## Work item
Extract verbatim every line from the one containing "Apartament cu 2 camere în Traian - 2" to the final line of the records below, inclusive, and exclude all pictures.

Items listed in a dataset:
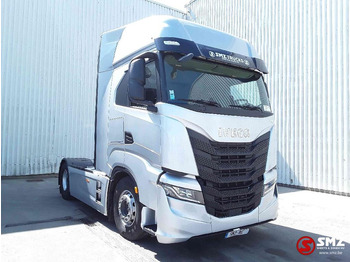 شاحنة جرار IVECO S-WAY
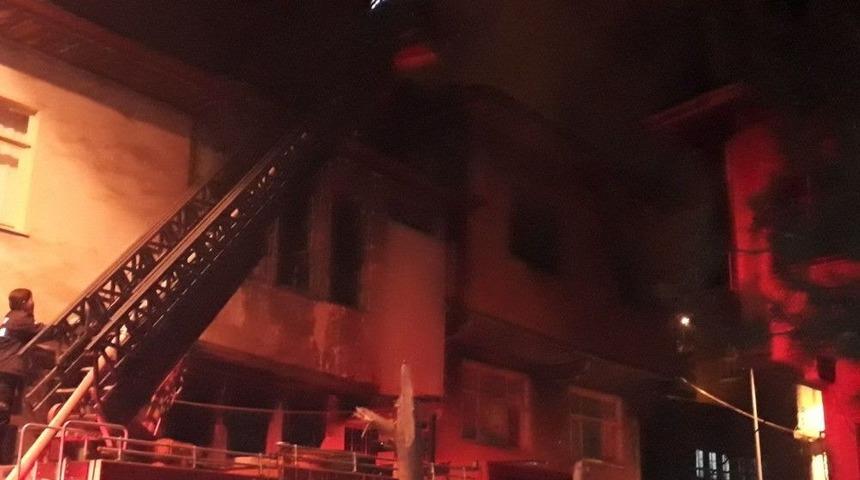 Tokat&rsquo;ta Kullanılmayan Evde Yangın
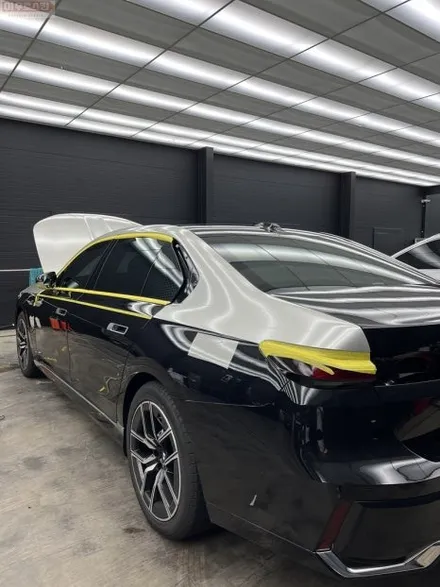 광주랩핑   bmw i7 삼페인골드 듀오톤 랩핑 시공 / 광주 광산구 도천동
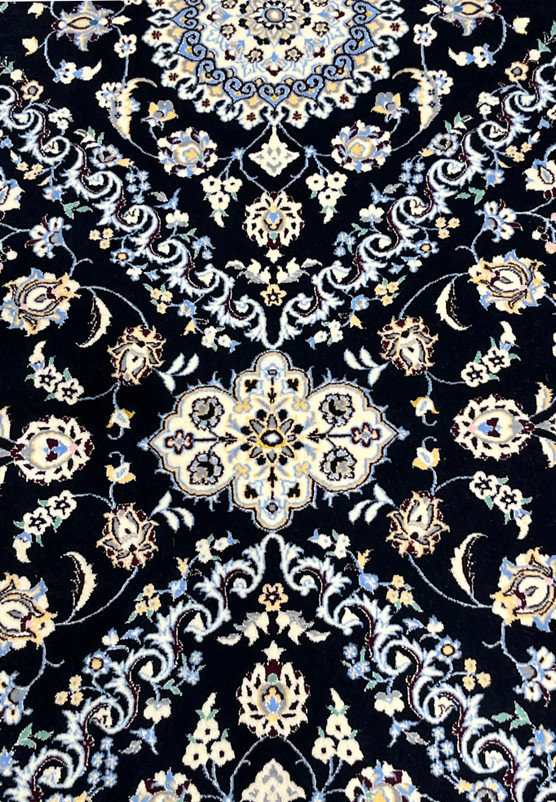 Pattern detail of 3x15 Persian Nain 6La Habibian runner, allover floral with connecting rosette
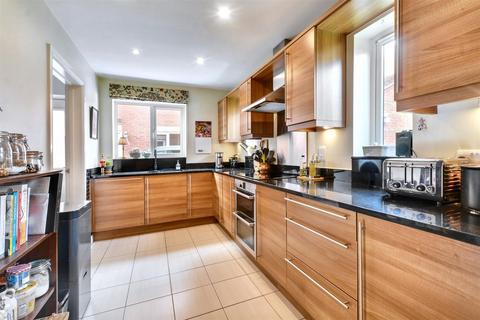 5 Bramwell Drive, Bramcote, Nottingham, NG9 3ST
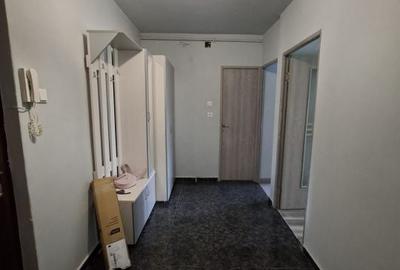 Apartament cu 2 camere în Traian - 2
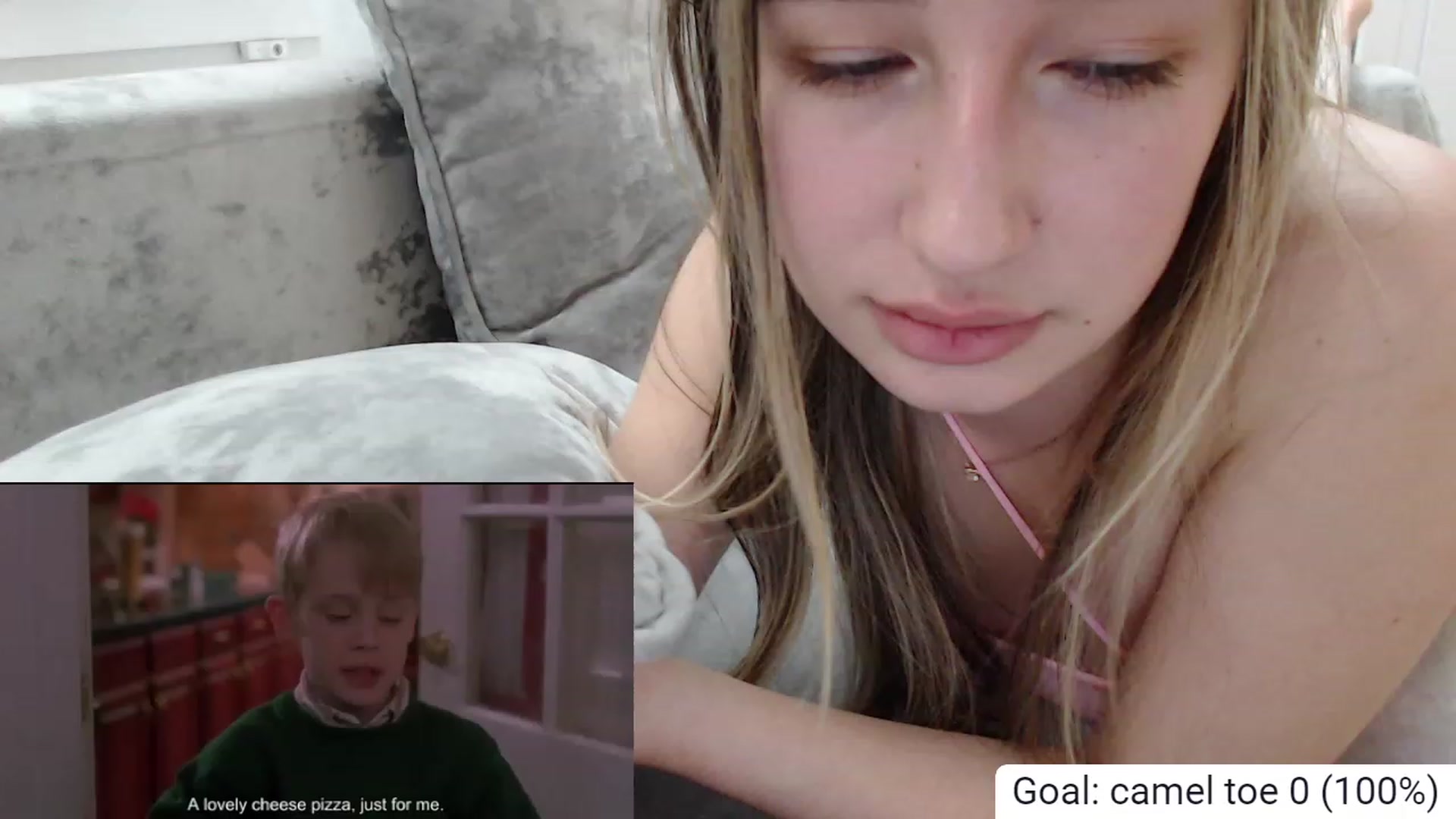 Gallery image thumbnail from Tama_gotchi's myfreecams stream on, 12/31/2022, 16:34 image 9 of 20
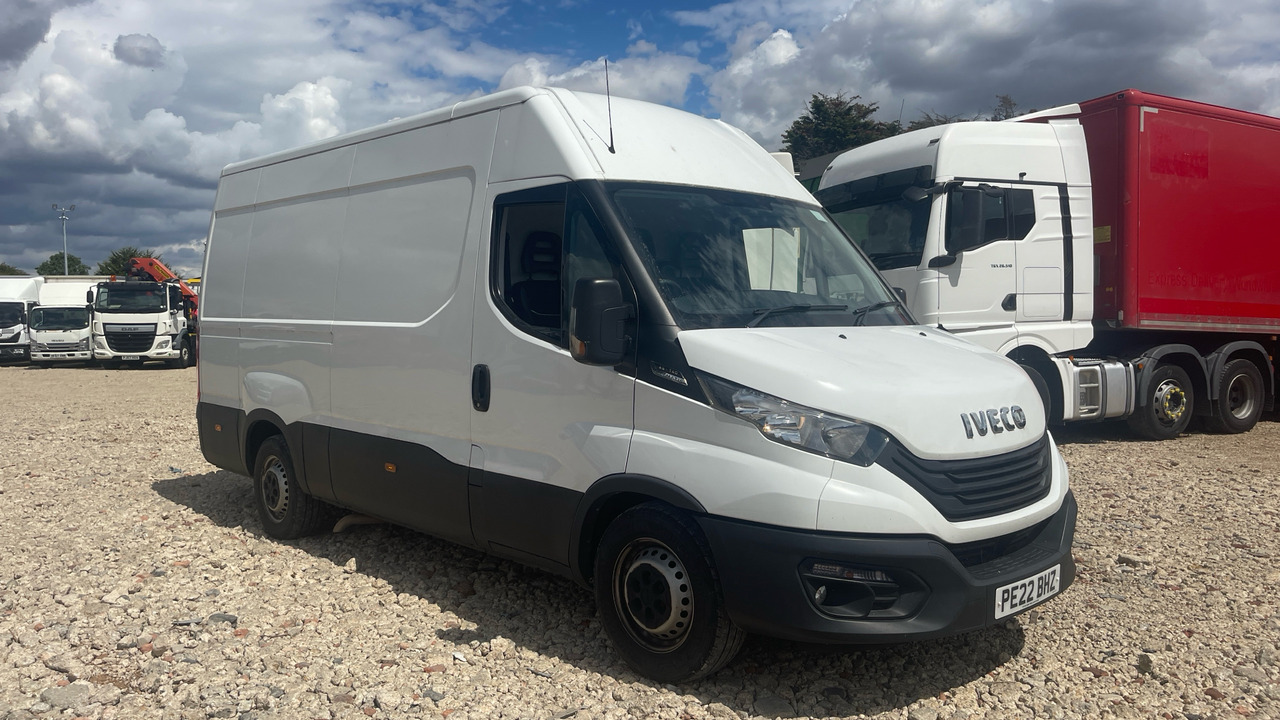 IVECO DAILY 35-140 2.3 3520 WB - Furgone chiuso: foto 1 IVECO DAILY 35-140 2.3 3520 WB - Furgone chiuso: foto 1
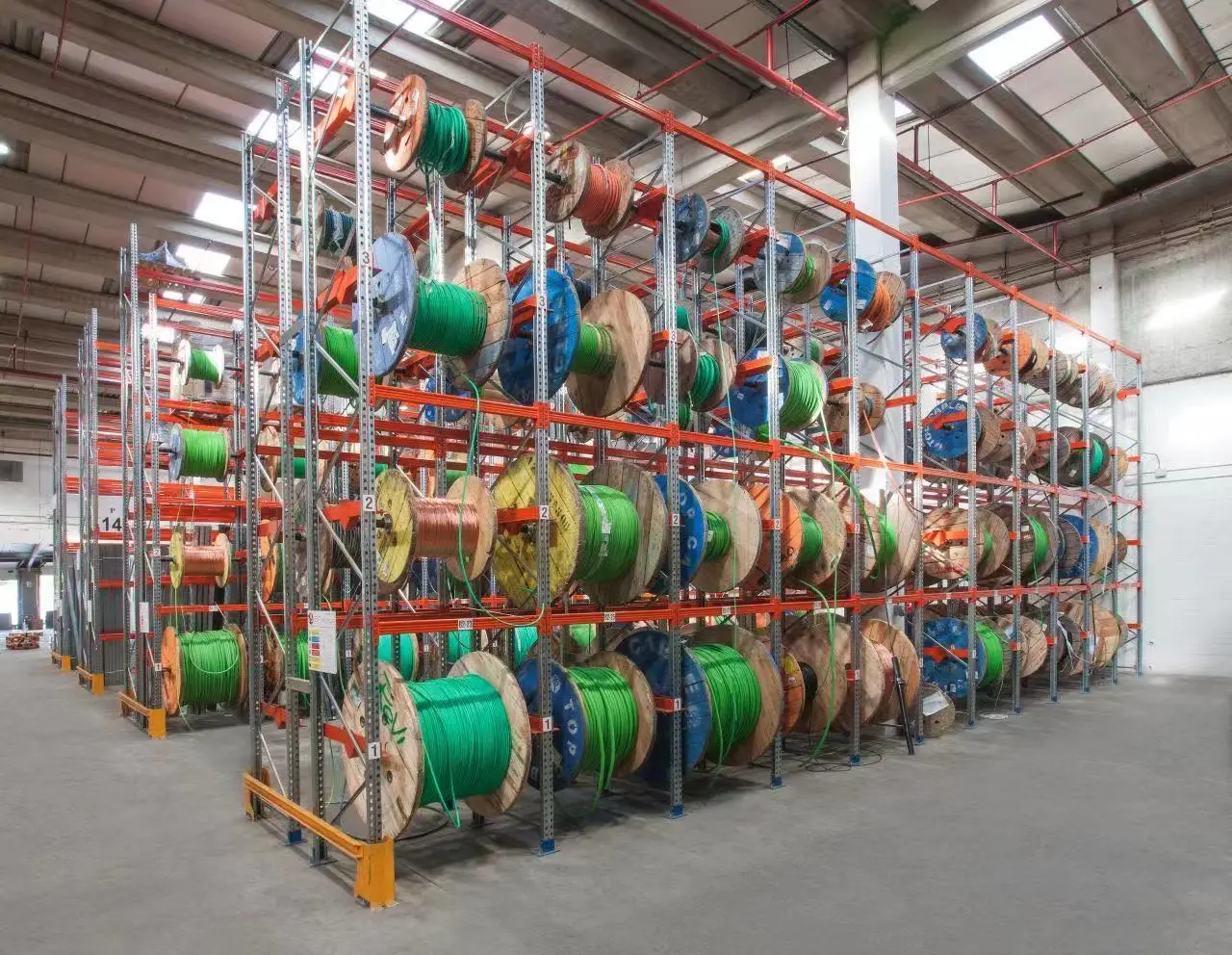 2021新电缆卷筒架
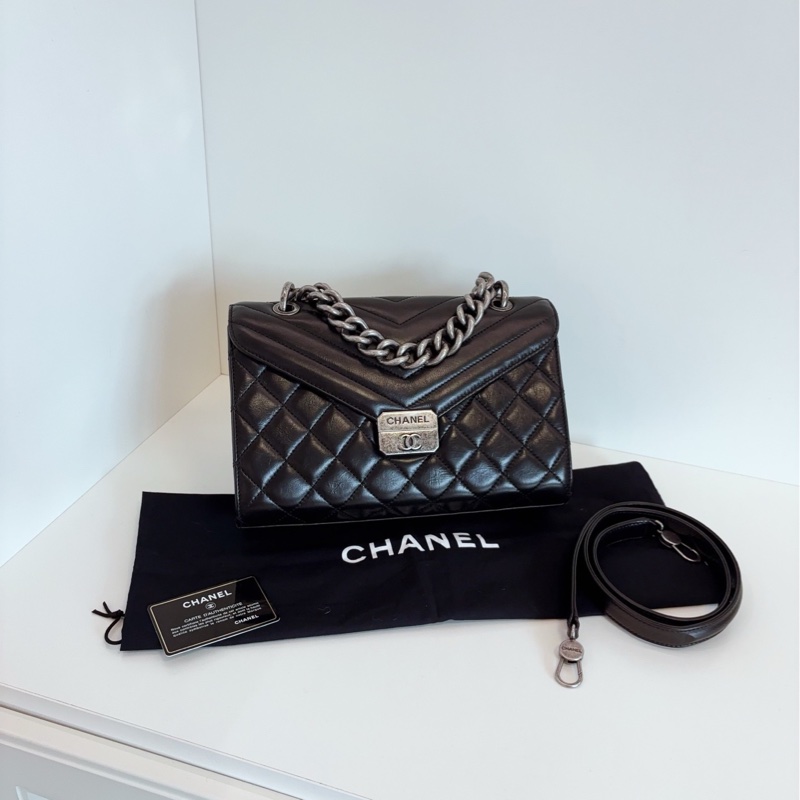 Chanel Flap Bag 孟買盒子郵差包-0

## Solution to this problem
 Apartament cu 2 camere în Traian - 2
 Gallery image thumbnail from Tama_gotchi's myfreecams stream on, 12/31/2022, 16:34 image 9 of 20
 IVECO DAILY 35-140 2.3 3520 WB - Furgone chiuso: foto 1 IVECO DAILY 35-140 2.3 3520 WB - Furgone chiuso: foto 1
 2021新电缆卷筒架
 Chanel Flap Bag 孟買盒子郵差包-0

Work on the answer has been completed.